O ministro da Educação, aceitando finalmente negociar, não deixou de colocar na mesa propostas que sabia serem inaceitáveis
O ministro da Educação, aceitando finalmente negociar, não deixou de colocar na mesa propostas que sabia serem inaceitáveis. Tais propostas, como a criação de um conselho intermunicipal de diretores ou a escolha por perfis de competências, provaram-se, no passado, permeáveis a cunhas e autoritarismos. Ao mesmo tempo, recusa responder aos problemas reais: não mexe nas normas que impedem a mobilidade por doença, obrigam os professores a andar com a casa às costas, travam na secretaria a progressão, desrespeitam o pessoal não docente e mantêm a precariedade.
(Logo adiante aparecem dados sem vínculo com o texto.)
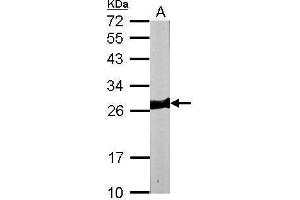 WB Image Sample (50 ug of whole cell lysate) A: mouse heart 12% SDS PAGE antibody diluted at 1:10000 (MYL3/CMLC1 anticorps)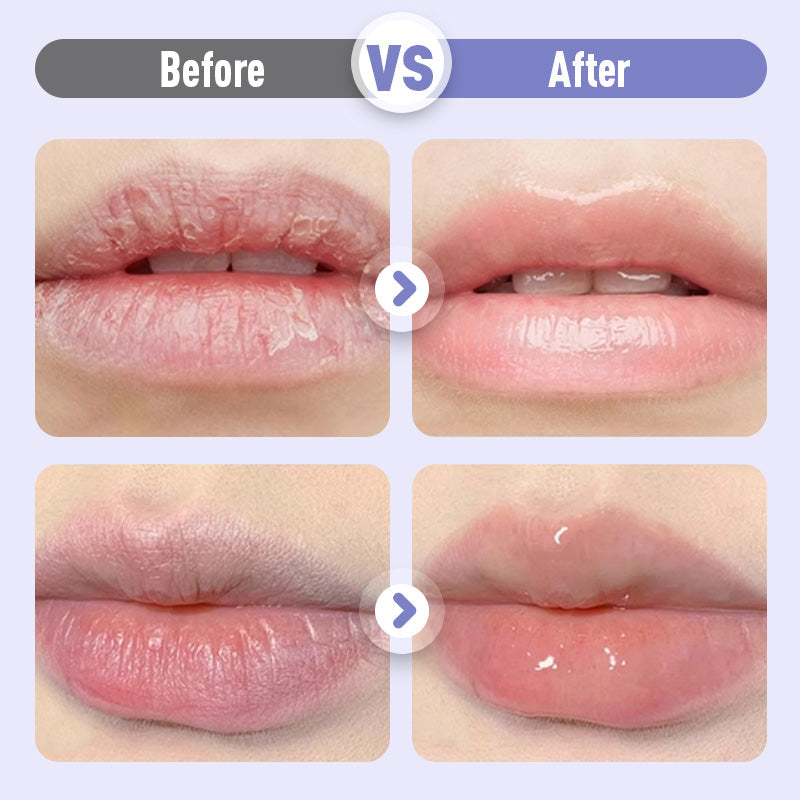 📢📢50 % Rabatt !!Aufpolsterndes und feuchtigkeitsspendendes Lippenserum gegen Falten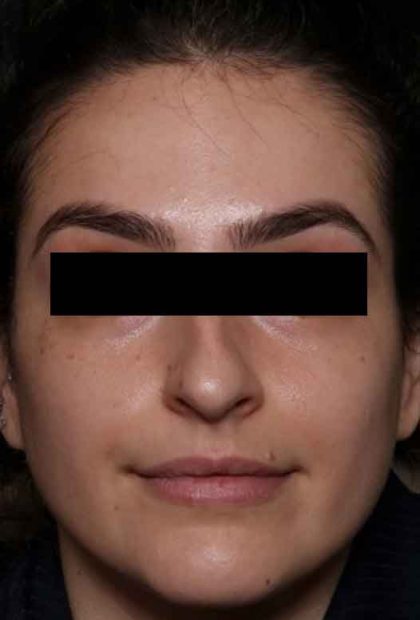 Botox and Dysport Before & After Patient #31894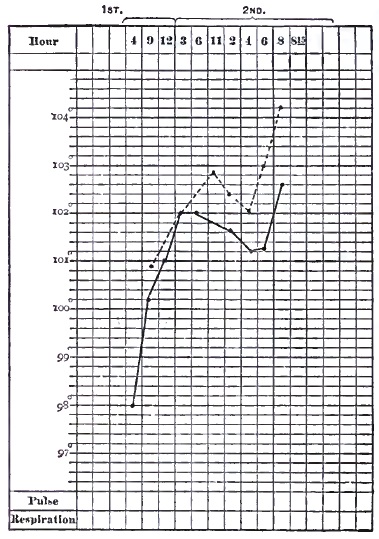 Temperature chart of meningeal hemorrhage
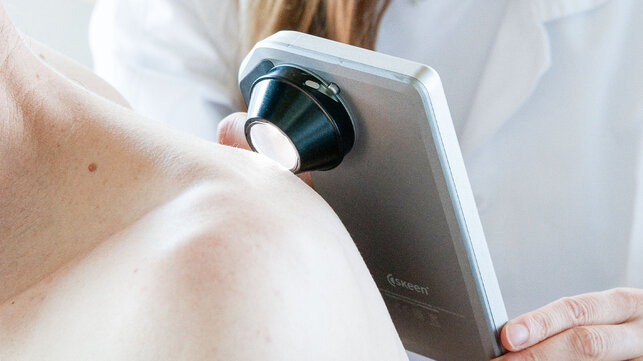 Nahaufnahme der Anwendung des skeen Geräts an der Schulter bzw. dem oberen Rücken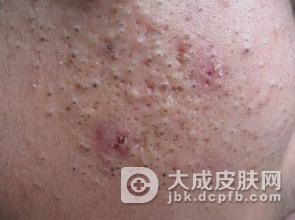 导致青春痘的病因都有什么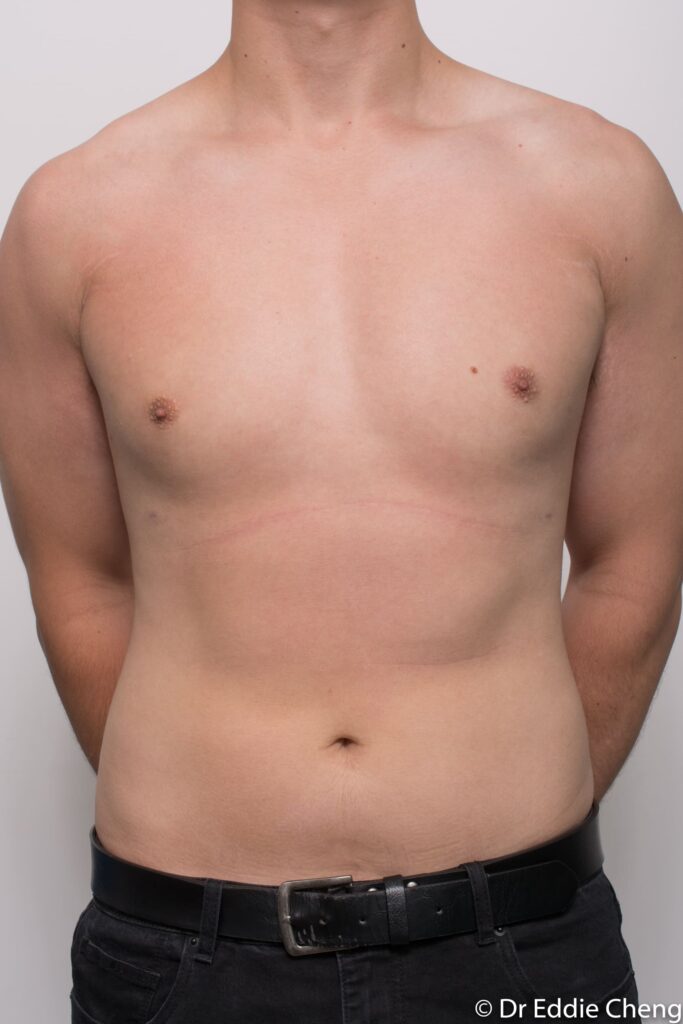 Before and after gynaecomastia surgery by Dr Eddie Cheng, Brisbane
A falta de professores nas escolas não se deve às greves. Deve-se a um Governo que desistiu de resolver os problemas.
Sobre a dignidade das mobilizações, diria apenas que o alerta que finalmente soou é o mais importante fator de esperança para a Escola Pública. As costas dos professores são largas, mas não chegam para carregar as culpas do fracasso do Governo. Se Manuel Carvalho o tivesse percebido, teria evitado dar um tiro no pé.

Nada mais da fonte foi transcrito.